Don’t Underestimate the Quiet Ones

Alis Rowe, a well-known writer about Autism, “the girl with the curly hair”, posted the following statement:

‘Because I do not speak much and because I just get on with things quietly and independently, people can underestimate my abilities and not recognize my potential.’

I relate to many of her postings and this one took me back to a memory of over 40 years ago.  At the time, I was on my very first job working at a Sears catalog department in downtown Dallas.  It was part of my Vocation Education training in my senior high school year.  I went to school half a day and then to work the other half.  The supervisor’s first performance rating was the worst that I would ever receive for the next 40 years.  She gave me the lowest rating that could be given for behavior and productivity.  The worst, mind ya, to a student who was at school an honors student.  My high school vocational teacher was surprised too!  She did say this supervisor was notorious for giving low ratings to vocational students.  She instructed me to ask the supervisor the reason behind these low ratings.

This was the last thing I wanted to do – confront the person who hurt me terribly.  I still remember crying my heart out in my car after work on the day I received the grading.  But I was put on the spot by my teacher and I knew she’d ask me what the supervisor said.

I met with the supervisor and told her that my teacher instructed me to ask.  In other words, this was not my idea!  She said I was slower than she liked me to be with checking catalog orders which back then were done on microfiche.  As far as behavior, I was too quiet!  You’d think someone who got the WORST rating on behavior would be someone close to being tossed out of their job for rudeness, vulgarity, idleness, or other excessive bad behaviors.

I wouldn’t know until some 40 years later that I had Autism Spectrum Disorder (ASD).  I understand looking back with my ASD pair of lenses as to why it was that I was quiet and still am.  I understand why my speed wasn’t top-notch but my accuracy, I was the TOP person on the catalog team.
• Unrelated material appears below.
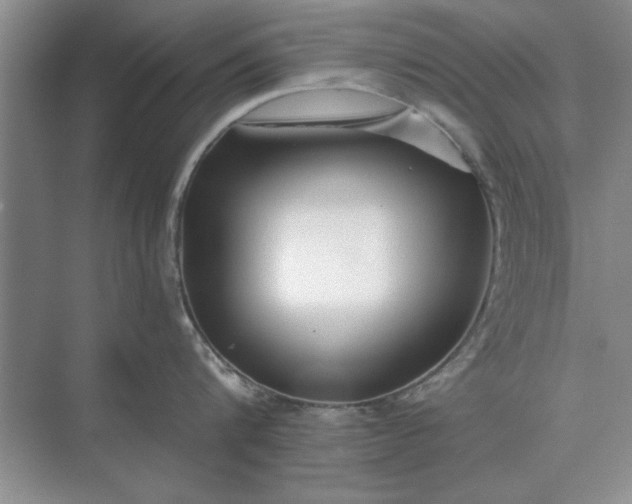 X0000075910816200609291756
I still to this day don’t think I was slow as molasses and deserved the worst rating for such.  One of the bright sides of my ASD is I have a strong eye for the small details.  This explains why even back then on my first job, my accuracy rate was such that my working supervisor commented that she wished that the speediest person on the team had the same accuracy rate as I did.

Ya know, as a customer, as much as I like my order to be filled sooner rather than later, it’s far more trouble if the speedy order isn’t what I ordered, not the right color, and above all, the size doesn’t fit.  But, oh, well, accuracy wasn’t one of the things I was graded on at the time.

This life episode as sour as it was ended on a fine note.  When my senior year ended, so did my employment with Sears.  I did have a choice in staying.  The supervisor, who was hard on ratings, asked me to stay.  I give her credit for that.  She came to see potential in the quiet one.